In [1]:
import os
import sys
import numpy as np
import pandas as pd
from timeit import default_timer as timer
from glob import glob
import pyarrow.parquet as pq
import socket
import logging

import torch
import torch.nn as nn
from torch.utils.data import TensorDataset, DataLoader, SequentialSampler
from pytorch_pretrained_bert.modeling import BertForNextSentencePrediction
from pytorch_pretrained_bert import BertTokenizer

from fastprogress import master_bar, progress_bar

# Parameters

In [2]:
logging.basicConfig(format = '%(asctime)s - %(levelname)s - %(name)s -   %(message)s',
                    datefmt = '%m/%d/%Y %H:%M:%S',
                    level = logging.INFO)

logger = logging.getLogger("bert")

In [3]:
targets = {
0:'I lost my job today',
5:'I was fired earlier this week',
# 'I recently got laid off',
# 'I just quit my job',

1:'Now I am unemployed',
6:'I am currently not working',
    
2:'I am searching for a new position',
7:'Anyone hiring?',
# 'I am looking for a job',
    
3:'I got hired today',
8:'I recently started working at my new job',
# 'I just found a position',
    
4:'Here is a job opportunity you might be interested in',
9:'Looking for a new position?', 
}

print('Target Sentences:\n')
print('\n'.join(targets.values()))

Target Sentences:

I lost my job today
I was fired earlier this week
Now I am unemployed
I am currently not working
I am searching for a new position
Anyone hiring?
I got hired today
I recently started working at my new job
Here is a job opportunity you might be interested in
Looking for a new position?


In [4]:
def get_env_var(varname,default):
    
    if os.environ.get(varname) != None:
        var = int(os.environ.get(varname))
        print(varname,':', var)
    else:
        var = default
        print(varname,':', var,'(Default)')
    return var

SLURM_ARRAY_TASK_ID = get_env_var('SLURM_ARRAY_TASK_ID',0)
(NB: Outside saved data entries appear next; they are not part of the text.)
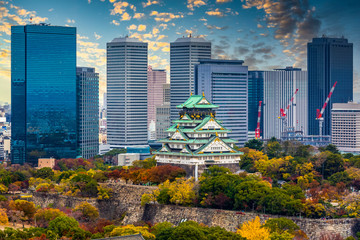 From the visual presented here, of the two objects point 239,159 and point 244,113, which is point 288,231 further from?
point 244,113

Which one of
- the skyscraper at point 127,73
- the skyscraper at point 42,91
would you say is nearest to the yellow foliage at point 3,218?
the skyscraper at point 42,91

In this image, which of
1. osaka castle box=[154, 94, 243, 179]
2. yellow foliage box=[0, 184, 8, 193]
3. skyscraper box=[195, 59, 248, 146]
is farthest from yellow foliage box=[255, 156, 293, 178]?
skyscraper box=[195, 59, 248, 146]

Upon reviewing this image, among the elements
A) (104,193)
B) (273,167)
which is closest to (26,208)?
(104,193)

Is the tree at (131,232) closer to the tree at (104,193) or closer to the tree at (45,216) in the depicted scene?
the tree at (45,216)

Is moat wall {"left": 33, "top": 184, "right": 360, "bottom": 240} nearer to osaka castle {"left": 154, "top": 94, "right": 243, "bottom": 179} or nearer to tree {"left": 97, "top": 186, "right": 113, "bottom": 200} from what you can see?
tree {"left": 97, "top": 186, "right": 113, "bottom": 200}

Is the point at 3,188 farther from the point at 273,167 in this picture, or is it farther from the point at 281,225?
the point at 281,225

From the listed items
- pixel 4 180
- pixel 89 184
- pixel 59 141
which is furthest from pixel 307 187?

SLURM_ARRAY_TASK_ID : 0 (Default)


In [5]:
n_partition = 50
print('# Partitions:', n_partition)

if SLURM_ARRAY_TASK_ID>=n_partition*len(targets):
    sys.exit('Sorry come again ;)')

# Partitions: 50


In [6]:
i_target, i_partition = np.unravel_index(SLURM_ARRAY_TASK_ID, (len(targets), n_partition))
print("Target Sentence Index:", i_target, ' / ', len(targets)-1)
print("Partition Index:", i_partition, ' / ', n_partition-1)
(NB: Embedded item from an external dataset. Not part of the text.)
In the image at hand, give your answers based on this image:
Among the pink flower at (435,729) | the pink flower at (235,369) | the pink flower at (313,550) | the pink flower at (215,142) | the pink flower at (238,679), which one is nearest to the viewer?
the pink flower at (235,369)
Target Sentence Index: 0  /  9
Partition Index: 0  /  49


In [7]:
target = targets[i_target]
print("Target Sentence:", target)

Target Sentence: I lost my job today


In [8]:
country = 'US'
print('Country:', country)

if 'samuel' in socket.gethostname().lower():
    path_to_data = os.path.join('../../data/classification/',country)
else:
    path_to_data = os.path.join('/scratch/spf248/twitter/data/classification/',country)
print("path to data:", path_to_data)

os.makedirs(os.path.join(path_to_data,'similarity'), exist_ok=True)

output_file  = 'target-'+str(i_target)+'-partition-'+str(i_partition)+'.csv'
print("output file:", output_file)

if os.path.exists(os.path.join(path_to_data,output_file)):
    sys.exit('Let"s go for a walk!')

Country: US
path to data: ../../data/classification/US
output file: target-0-partition-0.csv


In [9]:
frac = 1.0
print('Sampling:', frac*100,'%')

Sampling: 1.0 %


In [10]:
# Default
max_seq_length = 128
print('max_seq_length:', max_seq_length)

max_seq_length: 128


In [11]:
# Default
BATCH_SIZE = 32
print('BATCH_SIZE:', BATCH_SIZE)

BATCH_SIZE: 32


# Load Data

In [12]:
start = timer()

files_filtered=list(np.array_split(sorted(glob(os.path.join(path_to_data,'filtered','*.parquet'))),n_partition)[i_partition])
print('Import Files:')
print('\n'.join(files_filtered))
print('# Files:', len(files_filtered))

tweets_filtered=pq.ParquetDataset(files_filtered).read().to_pandas().set_index('tweet_id')['text']
print('# Tweets Containing At Least One Keyword:', tweets_filtered.shape[0])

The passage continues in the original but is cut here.